Copy the entries out again in full.

** Opening RECORDS PROVIDED block **

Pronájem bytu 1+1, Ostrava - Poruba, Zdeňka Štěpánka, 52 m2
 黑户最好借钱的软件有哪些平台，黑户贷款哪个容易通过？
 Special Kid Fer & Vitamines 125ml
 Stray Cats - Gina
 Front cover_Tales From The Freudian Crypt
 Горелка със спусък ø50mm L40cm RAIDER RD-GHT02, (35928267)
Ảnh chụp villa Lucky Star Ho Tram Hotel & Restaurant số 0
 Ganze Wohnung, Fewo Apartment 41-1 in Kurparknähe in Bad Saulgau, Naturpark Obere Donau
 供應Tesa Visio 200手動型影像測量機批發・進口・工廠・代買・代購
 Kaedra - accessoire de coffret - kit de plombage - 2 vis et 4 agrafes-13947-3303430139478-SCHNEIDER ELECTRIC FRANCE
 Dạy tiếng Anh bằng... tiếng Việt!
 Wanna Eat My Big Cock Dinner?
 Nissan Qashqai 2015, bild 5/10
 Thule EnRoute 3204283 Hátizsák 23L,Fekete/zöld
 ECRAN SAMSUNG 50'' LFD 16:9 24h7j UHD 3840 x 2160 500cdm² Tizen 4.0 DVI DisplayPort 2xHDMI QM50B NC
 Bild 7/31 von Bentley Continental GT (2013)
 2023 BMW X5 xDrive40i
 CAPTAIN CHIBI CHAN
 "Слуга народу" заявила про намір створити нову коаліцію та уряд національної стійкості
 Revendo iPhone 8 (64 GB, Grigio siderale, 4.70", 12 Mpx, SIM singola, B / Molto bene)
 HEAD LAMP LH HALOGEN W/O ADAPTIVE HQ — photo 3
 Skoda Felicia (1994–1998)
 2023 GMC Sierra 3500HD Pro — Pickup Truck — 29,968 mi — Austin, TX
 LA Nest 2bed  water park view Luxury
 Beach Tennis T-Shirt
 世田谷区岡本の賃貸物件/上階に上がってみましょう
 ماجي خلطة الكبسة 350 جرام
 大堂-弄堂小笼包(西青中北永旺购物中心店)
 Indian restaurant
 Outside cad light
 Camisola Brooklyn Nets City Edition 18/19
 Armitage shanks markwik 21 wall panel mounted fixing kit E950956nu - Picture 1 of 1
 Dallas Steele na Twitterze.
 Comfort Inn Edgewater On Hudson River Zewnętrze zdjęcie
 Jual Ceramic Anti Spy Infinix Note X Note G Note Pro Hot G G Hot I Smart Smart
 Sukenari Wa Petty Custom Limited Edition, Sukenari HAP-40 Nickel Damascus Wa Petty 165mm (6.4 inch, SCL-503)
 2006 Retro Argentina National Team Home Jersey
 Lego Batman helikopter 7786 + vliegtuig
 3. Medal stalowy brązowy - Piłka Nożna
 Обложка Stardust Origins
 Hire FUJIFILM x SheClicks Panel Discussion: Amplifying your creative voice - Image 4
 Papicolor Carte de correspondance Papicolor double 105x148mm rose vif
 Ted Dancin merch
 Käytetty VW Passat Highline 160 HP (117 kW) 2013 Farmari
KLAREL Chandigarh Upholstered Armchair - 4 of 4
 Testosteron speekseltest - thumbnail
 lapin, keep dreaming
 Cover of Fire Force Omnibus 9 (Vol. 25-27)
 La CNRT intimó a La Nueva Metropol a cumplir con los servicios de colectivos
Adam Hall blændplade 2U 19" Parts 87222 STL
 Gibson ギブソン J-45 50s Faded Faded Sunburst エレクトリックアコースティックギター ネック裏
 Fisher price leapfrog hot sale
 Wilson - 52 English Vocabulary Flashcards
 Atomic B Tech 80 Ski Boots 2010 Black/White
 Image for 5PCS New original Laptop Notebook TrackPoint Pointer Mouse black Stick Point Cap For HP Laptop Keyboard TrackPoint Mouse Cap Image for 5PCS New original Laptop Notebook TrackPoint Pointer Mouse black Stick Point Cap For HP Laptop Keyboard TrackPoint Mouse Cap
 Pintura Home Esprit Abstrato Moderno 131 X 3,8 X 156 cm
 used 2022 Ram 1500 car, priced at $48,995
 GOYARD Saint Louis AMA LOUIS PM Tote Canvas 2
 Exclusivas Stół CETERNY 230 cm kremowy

** Closing RECORDS PROVIDED block **

:: ANSWER TO THIS EXERCISE ::
Pronájem bytu 1+1, Ostrava - Poruba, Zdeňka Štěpánka, 52 m2
 黑户最好借钱的软件有哪些平台，黑户贷款哪个容易通过？
 Special Kid Fer & Vitamines 125ml
 Stray Cats - Gina
 Front cover_Tales From The Freudian Crypt
 Горелка със спусък ø50mm L40cm RAIDER RD-GHT02, (35928267)
Ảnh chụp villa Lucky Star Ho Tram Hotel & Restaurant số 0
 Ganze Wohnung, Fewo Apartment 41-1 in Kurparknähe in Bad Saulgau, Naturpark Obere Donau
 供應Tesa Visio 200手動型影像測量機批發・進口・工廠・代買・代購
 Kaedra - accessoire de coffret - kit de plombage - 2 vis et 4 agrafes-13947-3303430139478-SCHNEIDER ELECTRIC FRANCE
 Dạy tiếng Anh bằng... tiếng Việt!
 Wanna Eat My Big Cock Dinner?
 Nissan Qashqai 2015, bild 5/10
 Thule EnRoute 3204283 Hátizsák 23L,Fekete/zöld
 ECRAN SAMSUNG 50'' LFD 16:9 24h7j UHD 3840 x 2160 500cdm² Tizen 4.0 DVI DisplayPort 2xHDMI QM50B NC
 Bild 7/31 von Bentley Continental GT (2013)
 2023 BMW X5 xDrive40i
 CAPTAIN CHIBI CHAN
 "Слуга народу" заявила про намір створити нову коаліцію та уряд національної стійкості
 Revendo iPhone 8 (64 GB, Grigio siderale, 4.70", 12 Mpx, SIM singola, B / Molto bene)
 HEAD LAMP LH HALOGEN W/O ADAPTIVE HQ — photo 3
 Skoda Felicia (1994–1998)
 2023 GMC Sierra 3500HD Pro — Pickup Truck — 29,968 mi — Austin, TX
 LA Nest 2bed  water park view Luxury
 Beach Tennis T-Shirt
 世田谷区岡本の賃貸物件/上階に上がってみましょう
 ماجي خلطة الكبسة 350 جرام
 大堂-弄堂小笼包(西青中北永旺购物中心店)
 Indian restaurant
 Outside cad light
 Camisola Brooklyn Nets City Edition 18/19
 Armitage shanks markwik 21 wall panel mounted fixing kit E950956nu - Picture 1 of 1
 Dallas Steele na Twitterze.
 Comfort Inn Edgewater On Hudson River Zewnętrze zdjęcie
 Jual Ceramic Anti Spy Infinix Note X Note G Note Pro Hot G G Hot I Smart Smart
 Sukenari Wa Petty Custom Limited Edition, Sukenari HAP-40 Nickel Damascus Wa Petty 165mm (6.4 inch, SCL-503)
 2006 Retro Argentina National Team Home Jersey
 Lego Batman helikopter 7786 + vliegtuig
 3. Medal stalowy brązowy - Piłka Nożna
 Обложка Stardust Origins
 Hire FUJIFILM x SheClicks Panel Discussion: Amplifying your creative voice - Image 4
 Papicolor Carte de correspondance Papicolor double 105x148mm rose vif
 Ted Dancin merch
 Käytetty VW Passat Highline 160 HP (117 kW) 2013 Farmari
KLAREL Chandigarh Upholstered Armchair - 4 of 4
 Testosteron speekseltest - thumbnail
 lapin, keep dreaming
 Cover of Fire Force Omnibus 9 (Vol. 25-27)
 La CNRT intimó a La Nueva Metropol a cumplir con los servicios de colectivos
Adam Hall blændplade 2U 19" Parts 87222 STL
 Gibson ギブソン J-45 50s Faded Faded Sunburst エレクトリックアコースティックギター ネック裏
 Fisher price leapfrog hot sale
 Wilson - 52 English Vocabulary Flashcards
 Atomic B Tech 80 Ski Boots 2010 Black/White
 Image for 5PCS New original Laptop Notebook TrackPoint Pointer Mouse black Stick Point Cap For HP Laptop Keyboard TrackPoint Mouse Cap Image for 5PCS New original Laptop Notebook TrackPoint Pointer Mouse black Stick Point Cap For HP Laptop Keyboard TrackPoint Mouse Cap
 Pintura Home Esprit Abstrato Moderno 131 X 3,8 X 156 cm
 used 2022 Ram 1500 car, priced at $48,995
 GOYARD Saint Louis AMA LOUIS PM Tote Canvas 2
 Exclusivas Stół CETERNY 230 cm kremowy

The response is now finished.